Task prompt -
Restate word for word all of the lines below, with each image left out.

[Source material — start]

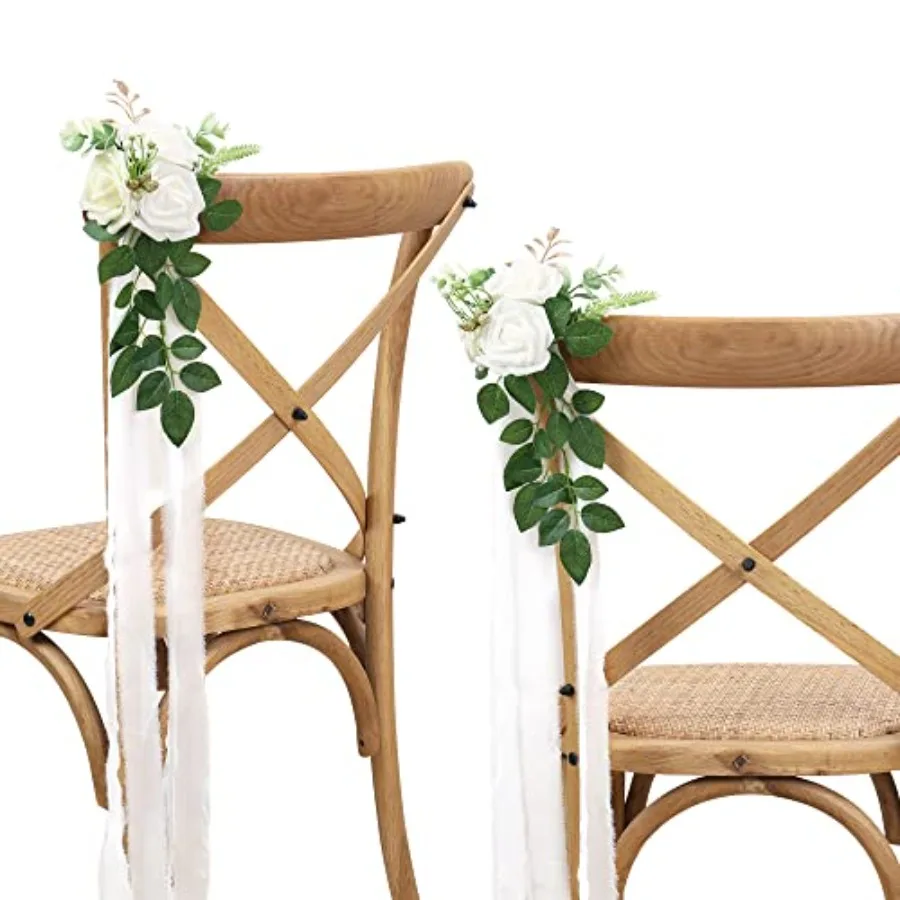

Wedding Aisle Decorations Set of 10 Pew Flowers for Church Chair Decorations with Artificial Eucalyptus and Ribbons in White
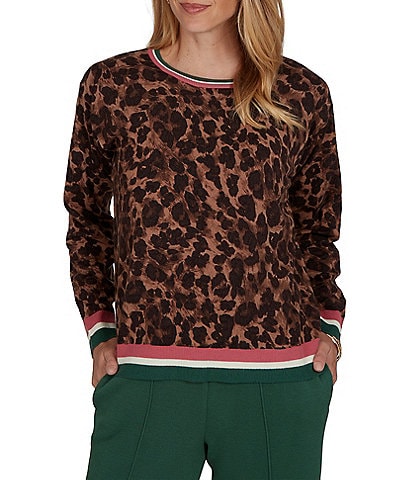 Ruby Rd. Knit Contrast Trim Cheetah Print Boat Neck Long Sleeve Sweater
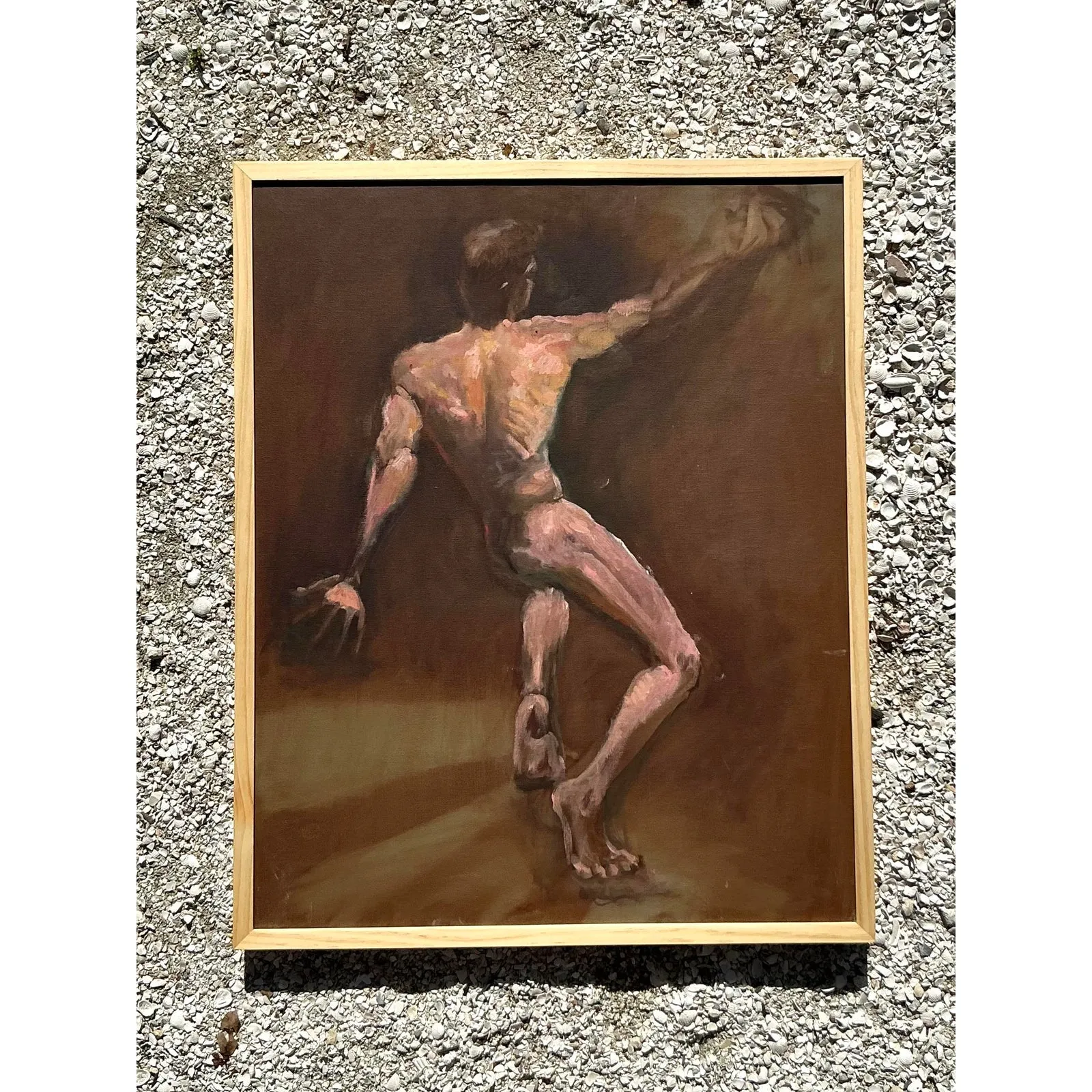 Vintage Boho Original Oil Nude on Canvas — additional photo 6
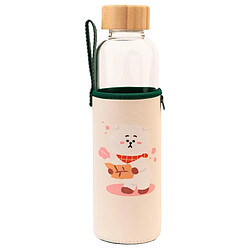 Line Friends BT21 Gourde en Verre 500ml Réutilisable Motif RJ avec Étui Blanc / Vert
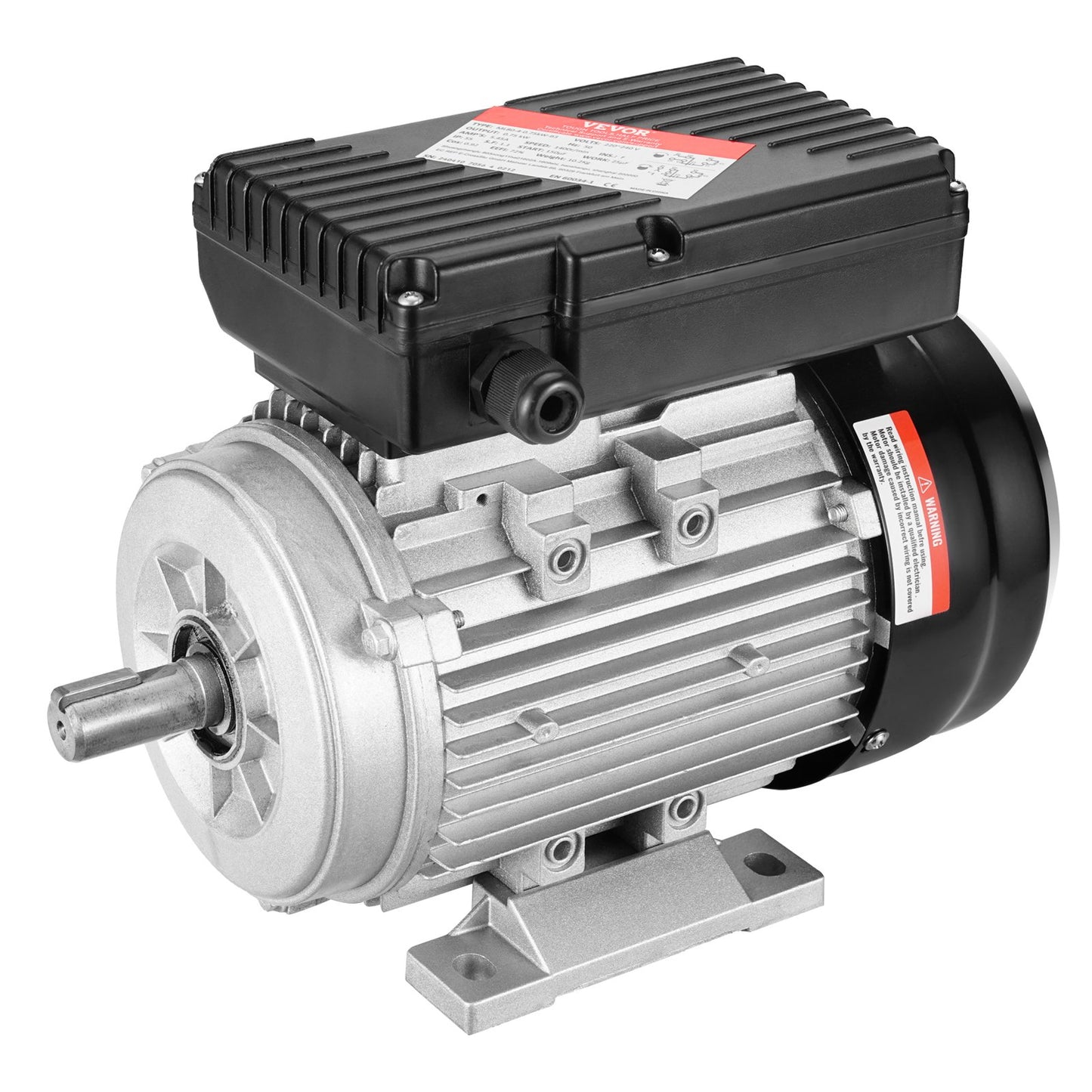 0.75KW Electric Motor 1400 RPM AC 220~240V 5.45A 1-Phase 19mm Spline Shaft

[Source material — finish]

Response to the task -
Wedding Aisle Decorations Set of 10 Pew Flowers for Church Chair Decorations with Artificial Eucalyptus and Ribbons in White
 Ruby Rd. Knit Contrast Trim Cheetah Print Boat Neck Long Sleeve Sweater
 Vintage Boho Original Oil Nude on Canvas — additional photo 6
 Line Friends BT21 Gourde en Verre 500ml Réutilisable Motif RJ avec Étui Blanc / Vert
 0.75KW Electric Motor 1400 RPM AC 220~240V 5.45A 1-Phase 19mm Spline Shaft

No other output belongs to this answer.